Running data deduplication on Hyper-V host

With Windows Server 2012 R2 Microsoft announced a extended feature of data deduplication – deduplication for Virtual Desktop Infrastructure (VDI) deployments. It means that data deduplication is now able to optimize open files.  But only supported configuration is when storage for Hyper-V host is connected remotely through SMB. So running deduplication directly on Hyper-V host is unsupported.

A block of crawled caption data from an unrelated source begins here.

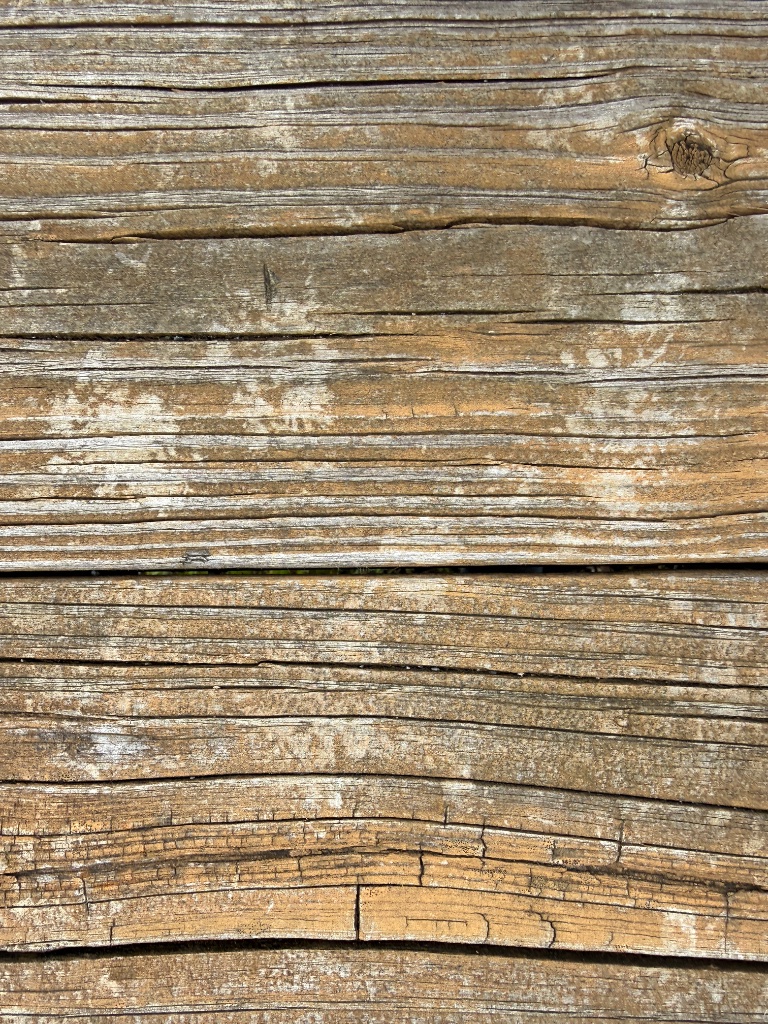 Weathered and cracked wood siding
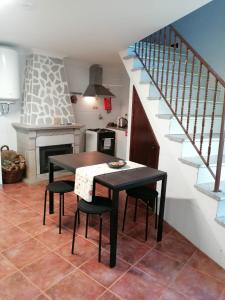 a kitchen with a table and chairs and a staircase at 9, Cimo da Aldeia in Aldeia de João Pires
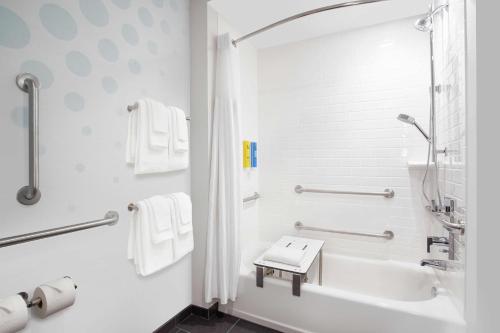Baño blanco con bañera y lavamanos en Tru By Hilton Audubon Valley Forge, en Audubon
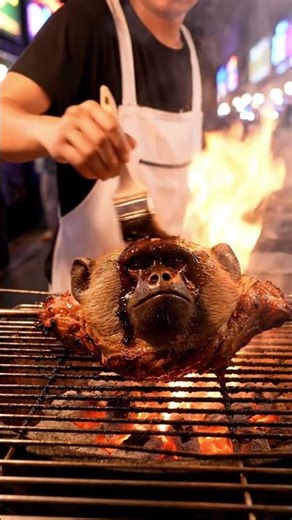 exploring street food selling grilled monkey meat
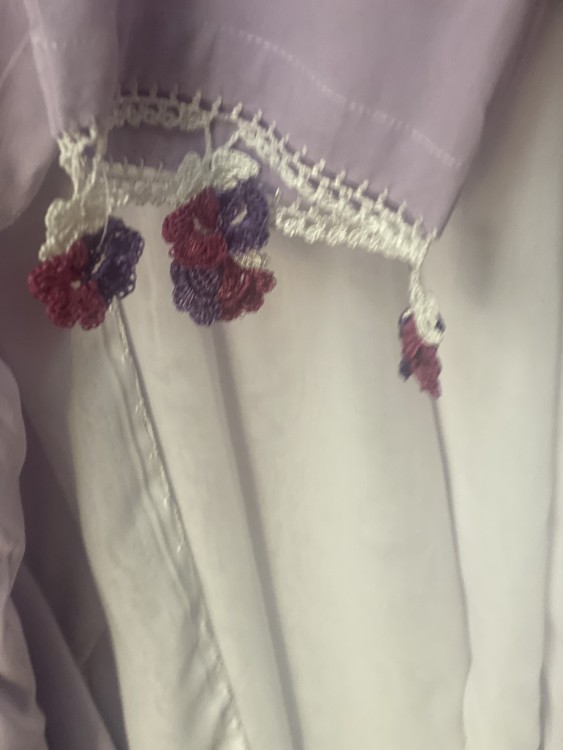 A mauve prayer sheet with an off-white crochet scarf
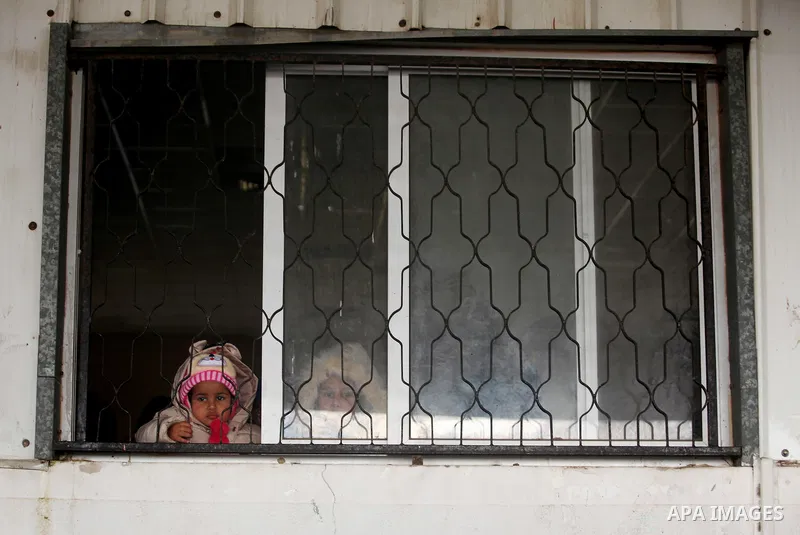Palestinians wait for travel permits to cross into Egypt through the Rafah border crossing after it was opened by Egyptian authorities for humanitarian cases, in Rafah in the southern Gaza Strip January 28, 2017. Photo b...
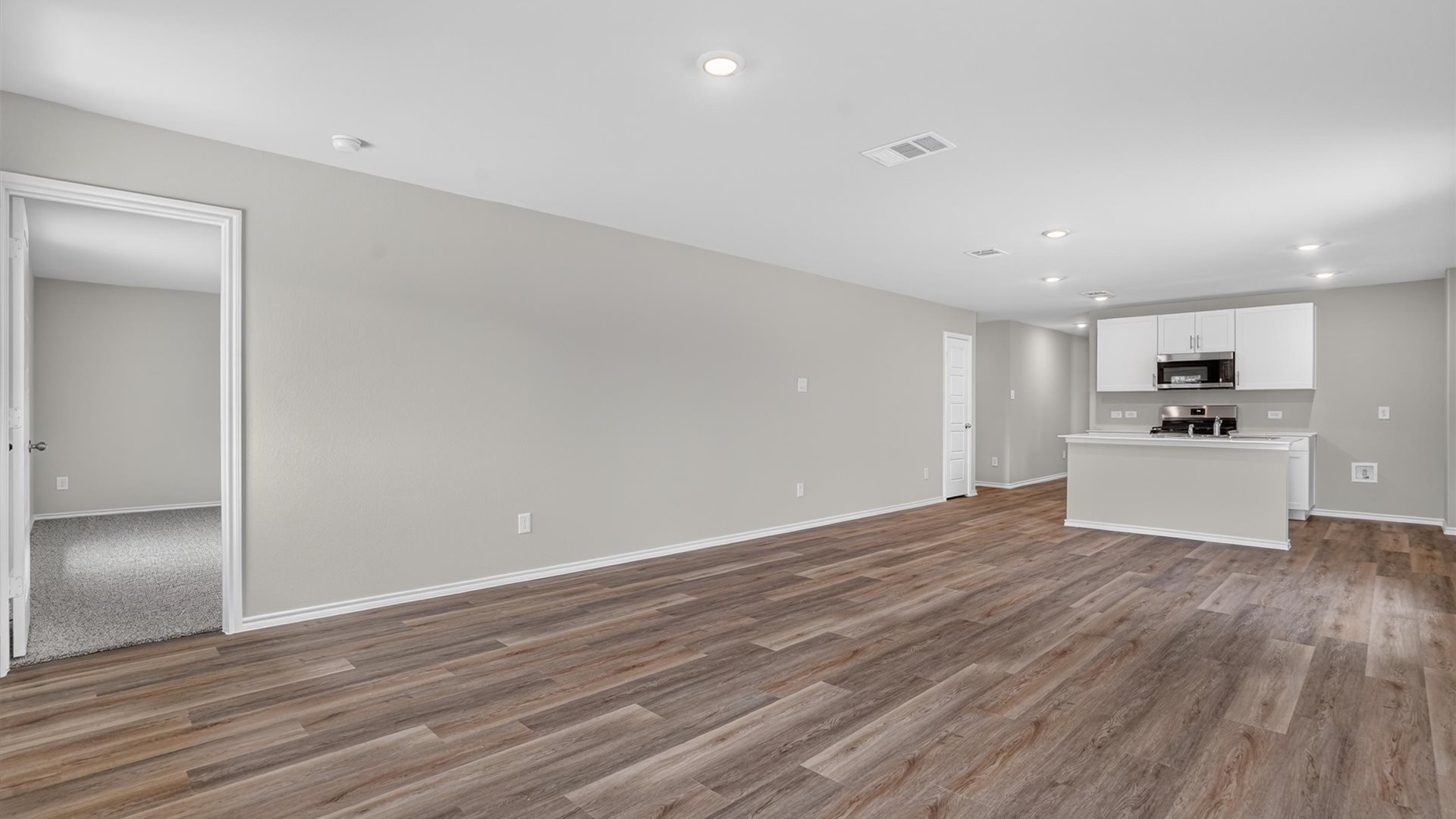 Open concept kitchen, dining, and living area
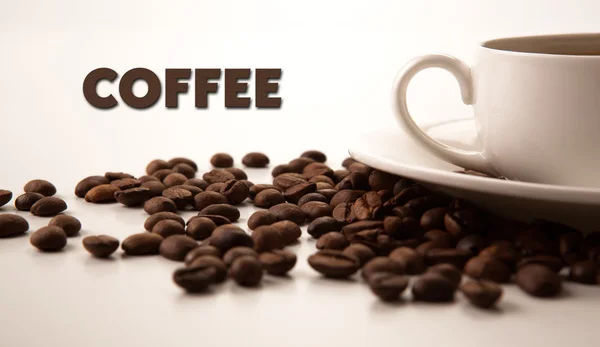 Xícara de café preto com grãos de café torrados com título de café — Fotografia de Stock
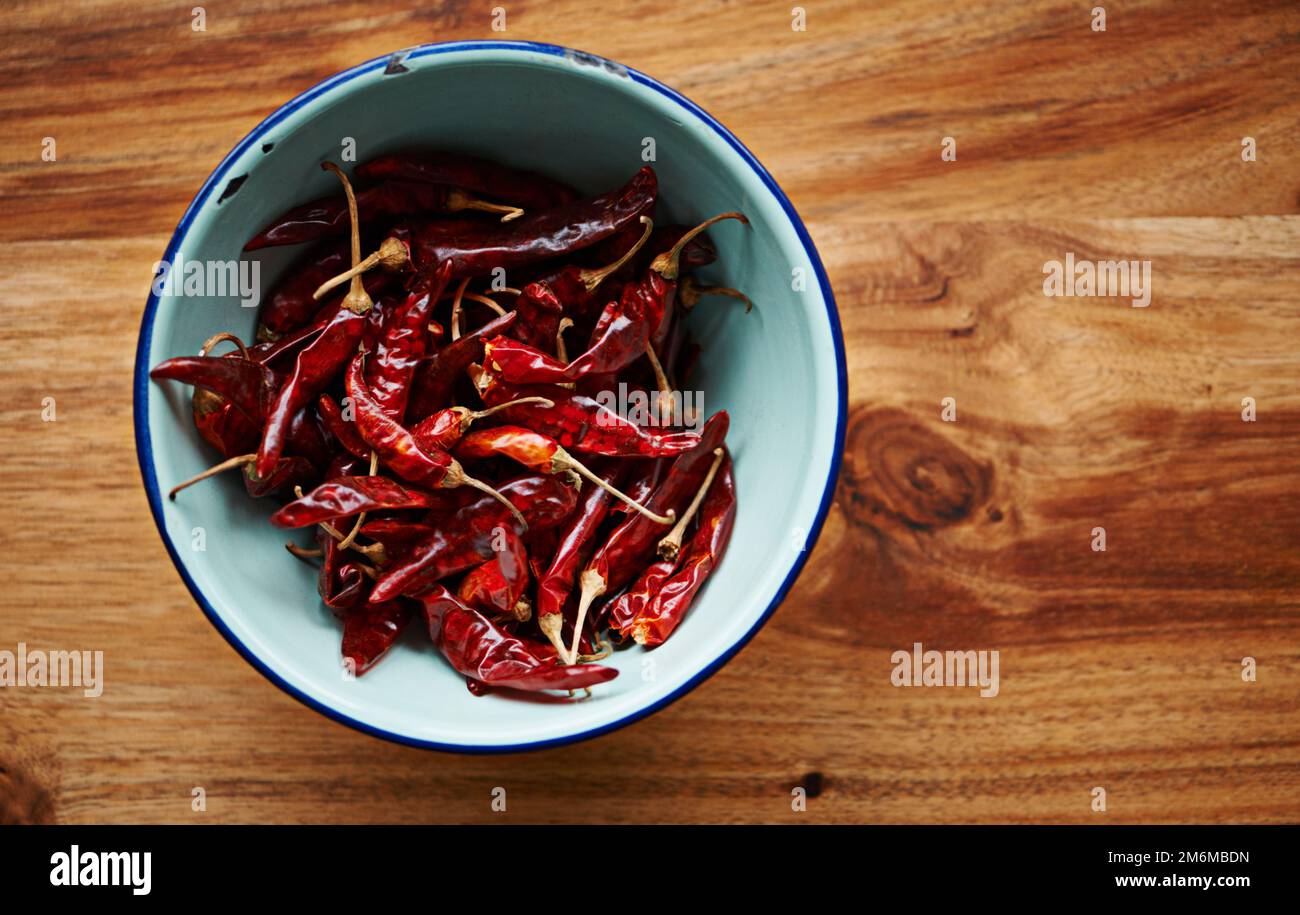 Intensely spicy. High angle shot of dried red chillies in a bowl on a kitchen counter. Stock Photo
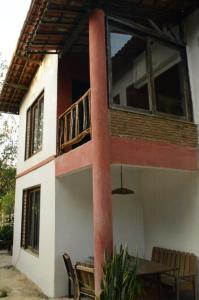 瓜拉米兰加Pousada Raízes Guaramiranga的带阳台和桌椅的房子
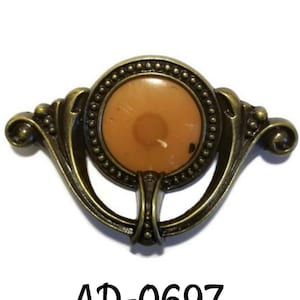 May include: Antique bronze-toned cabinet pull with a circular, amber-colored center. The pull features ornate, curved arms and a decorative beaded border around the center. The text "AD-0697" is printed below the pull.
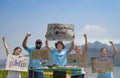 group of volunteers holding environmental campaign signs standing by the river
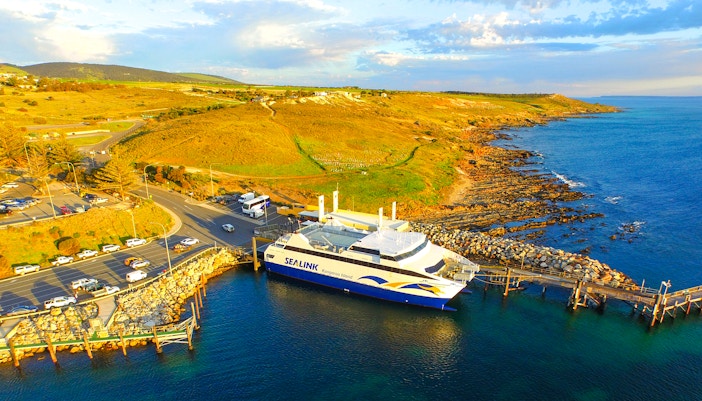 Sea link ferry docked at Kangaroo Island with coastal landscape in the background.
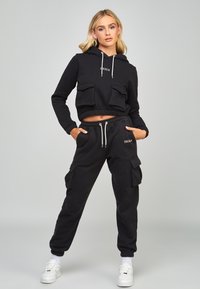 Felpa nera corta con tasche frontali e cordino, abbinata a pantaloni joggers neri coordinati con tasche cargo laterali e polsini elasticizzati.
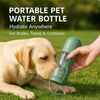 Labrador retriever drinking from a portable pet water bottle in a sunny park.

Also currently deduplication is only supported for VDI workloads not for server workloads. But unsupported does not mean that it does not work.  So I decided to try dedupe some Windows Server virtual machines running on Hyper-V which are stored locally on SAN disk.

My setup:

  • 1 Hyper-V 2012 R2 host
  • 1TB disk from EMC VNX array – NTFS, 64K
  • Four Windows Server 2008 R2 virtual machines with low  IO requirement

Deduplication settings:

  • Data deduplication type: Virtual Desktop Infrastructure (VDI) server
  • Deduplicate files older than (in days): 0
  • Custom file extentions to exclude: empty
  • Excluded folders: empty
  • Schedule: Throughput optimization from 2:00 AM. Duration 4 hours.
  • Background optimization disabled.

By limiting optimization window from 2:00 AM to 6:00 AM I avoid high load during daytime.

deduplication_settings

So far I have had no problems. I collected and analyzed some disk performance logs from Hyper-V host and guests and I did not see any problems. There were some latency spikes during optimization process but nothing really bad that would affect the guests.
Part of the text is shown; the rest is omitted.